**Instructions to follow:** All of the data is to be printed exactly, though the images must be left off.

**Source data:**
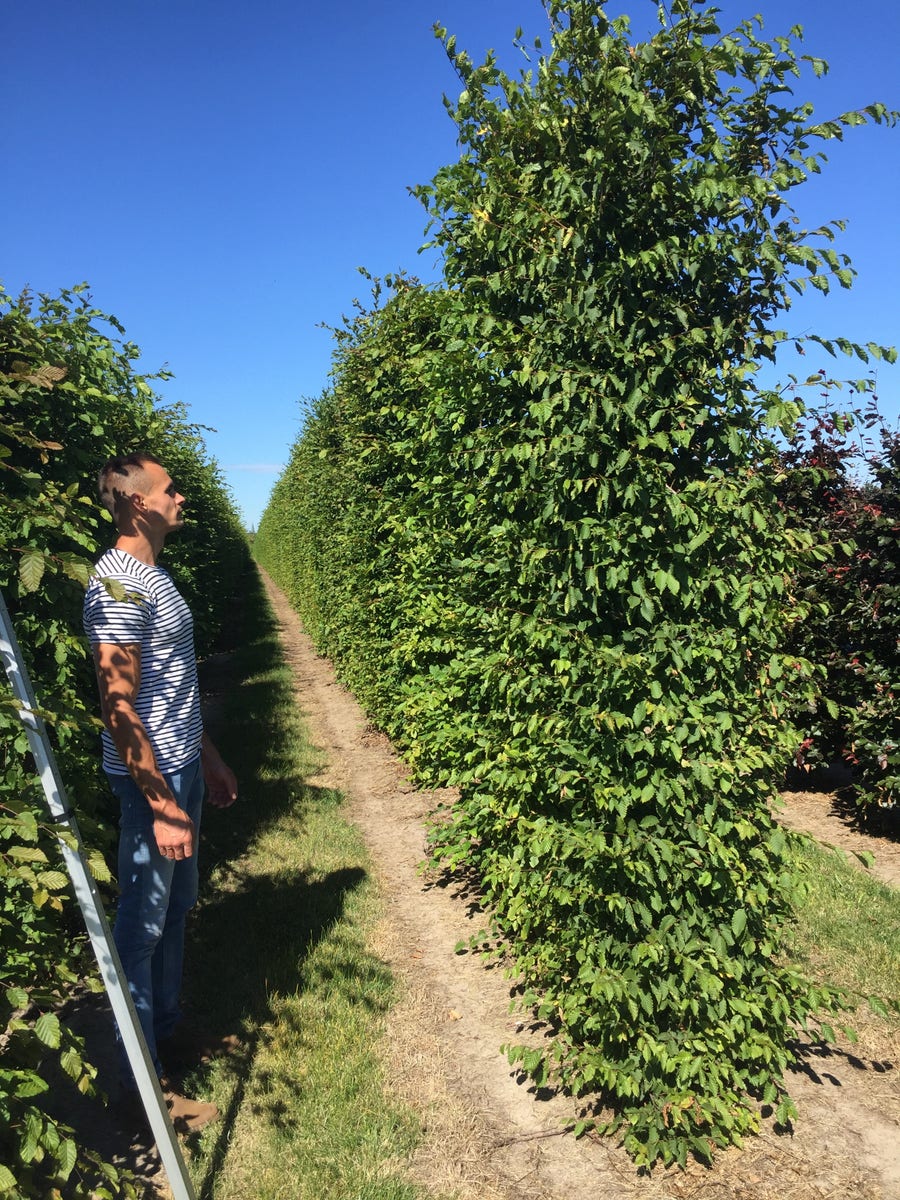  Haagbeuk Als Haagelement (Carpinus Betulus)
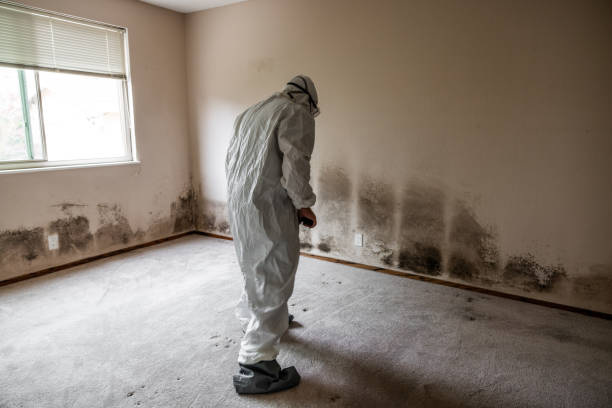 Best Toxic Mold Removal  in River Forest, IL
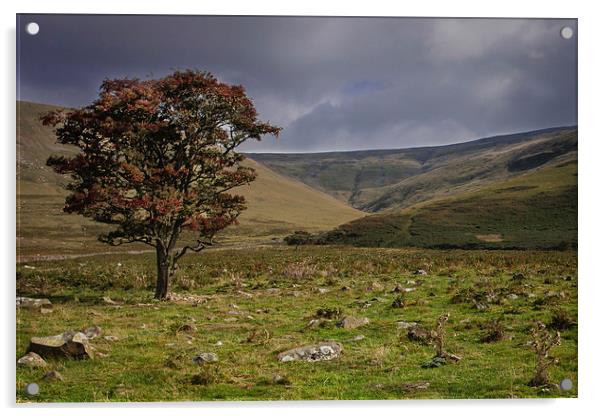 Lonely Tree on Cross Fell Acrylic by Peter Stuart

**Reply:**
  Haagbeuk Als Haagelement (Carpinus Betulus)
 Best Toxic Mold Removal  in River Forest, IL
 Lonely Tree on Cross Fell Acrylic by Peter Stuart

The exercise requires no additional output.